Rodzice: Szpital musi ponieść surowe konsekwencje
Rodzice Patryka chcą, by szpital poniósł surowe konsekwencje. Dyrekcja szpitala zapewnia, że ewentualnych konsekwencji nie zamierza unikać. I dodaje, że to właśnie szpital zaalarmował prokuraturę. Szefostwo placówki jest już po dyscyplinarnych rozmowach z pracownikami. Jak tłumaczy dyrektor szpitala, trudno mieć nadzór nad wszystkimi dziećmi przebywającymi w placówce, zwłaszcza, że często są to dzieci z zaburzeniami. Odpiera jednak zarzuty matki chłopca, która twierdzi, że jej syn był również bity.
Jeden molestował a drugi stał na czatach?
Według matki chłopca, szpital nie chciał nagłaśniania sprawy, ale kobieta zdecydowała się powiadomić o zdarzeniu policję w Piotrkowie Trybunalskim, gdzie mieszka.
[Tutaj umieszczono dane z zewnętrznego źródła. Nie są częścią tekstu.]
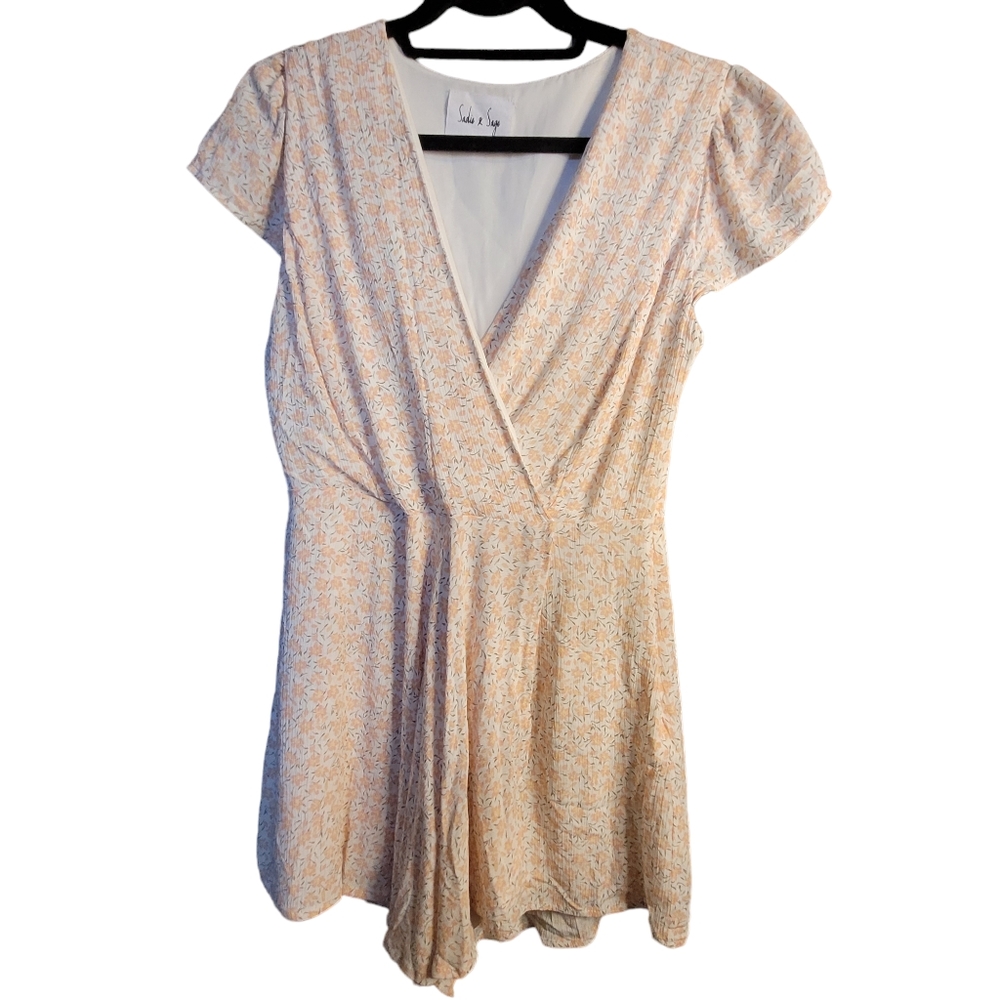 Sadie and Sage Floral Romper M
Policja przekazała zgłoszenie do łódzkiej prokuratury, która zbada, czy lekarze należycie dopełnili swoich obowiązków. Zajmie się także kwestią odpowiedzialności karnej 13-latka, który miał wykorzystywać młodszego kolegę. W sprawę zamieszany ma być jeszcze jeden chłopiec, który stał na tzw. czatach.
- Akta sprawy trafiły do prokuratury Łódź-Bałuty. Dzięki temu będzie można zwolnić z zachowania tajemnicy zawodowej pracujących w szpitalu lekarzy. To pozwoli na ich przesłuchanie – powiedziała Magdalena Piotrowska z Komendy Miejskiej Policji w Łodzi. -
Szpital też zawiadomił o przestępstwie
Jak powiedział rzecznik łódzkiej prokuratury Krzysztof Kopania, doniesienie do bałuckiej prokuratury złożył również dyrektor placówki. Wskazywał on, iż w szpitalu mogło dojść do przestępstwa o charakterze seksualnym wobec przebywającego w placówce małoletniego. - Dokonane wstępnie ustalenia wskazywały na konieczność rozstrzygnięcia ewentualnej odpowiedzialności karnej nieletniego. Dlatego też materiały przekazane zostały sądowi dla nieletnich – powiedział Kopania.
Dodał, że bałucka prokuratura bada natomiast, czy mogło dojść do zaniedbań ze strony pracowników szpitala.